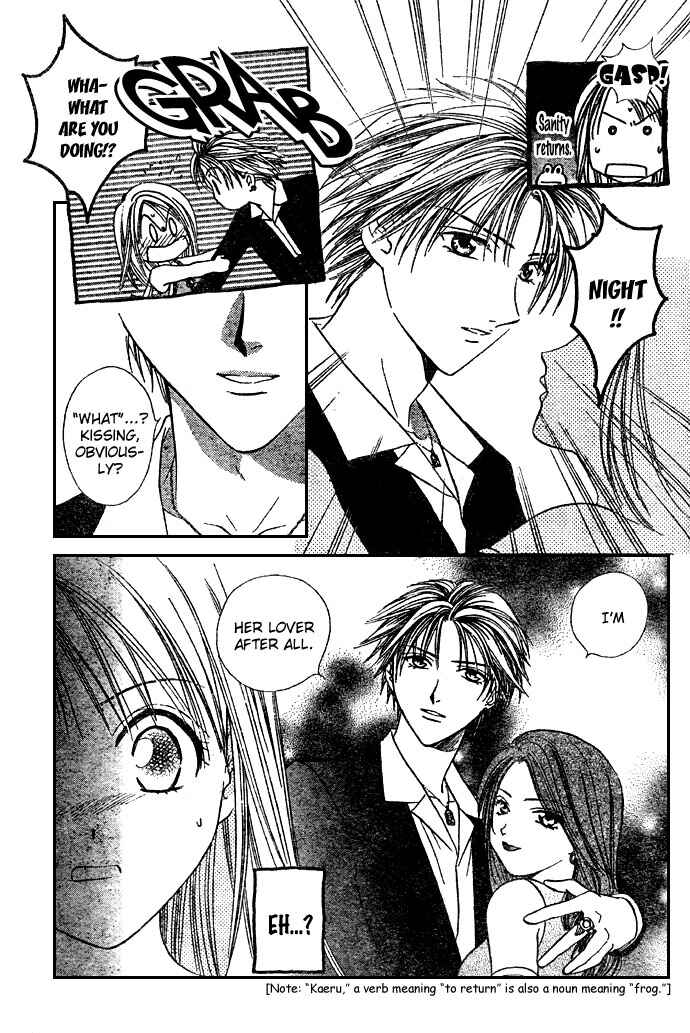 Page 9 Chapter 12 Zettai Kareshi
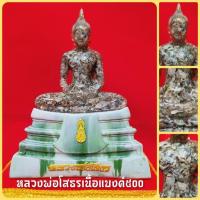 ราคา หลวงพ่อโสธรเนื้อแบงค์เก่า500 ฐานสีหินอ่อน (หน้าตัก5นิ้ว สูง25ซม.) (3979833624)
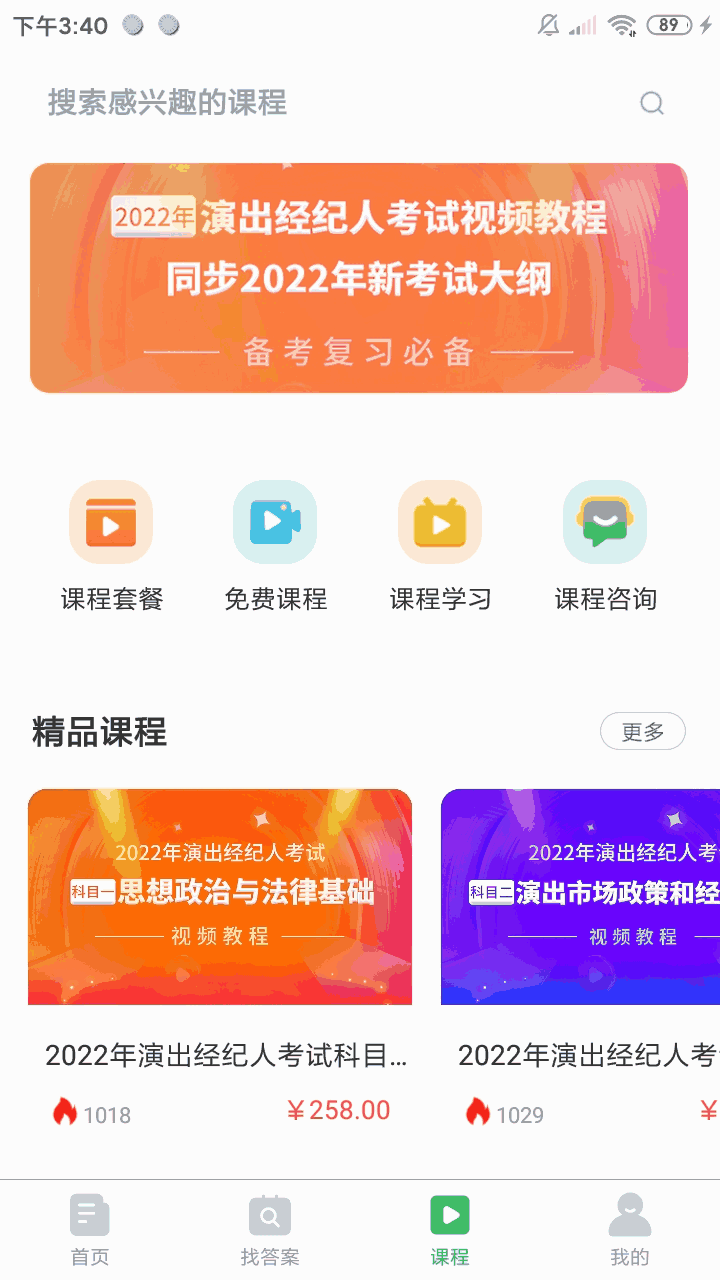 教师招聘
+ + + +
## [Work to complete]
Restate the whole listing above exactly, please, omitting every image.

## [Result of the task]
 Page 9 Chapter 12 Zettai Kareshi
 ราคา หลวงพ่อโสธรเนื้อแบงค์เก่า500 ฐานสีหินอ่อน (หน้าตัก5นิ้ว สูง25ซม.) (3979833624)
 教师招聘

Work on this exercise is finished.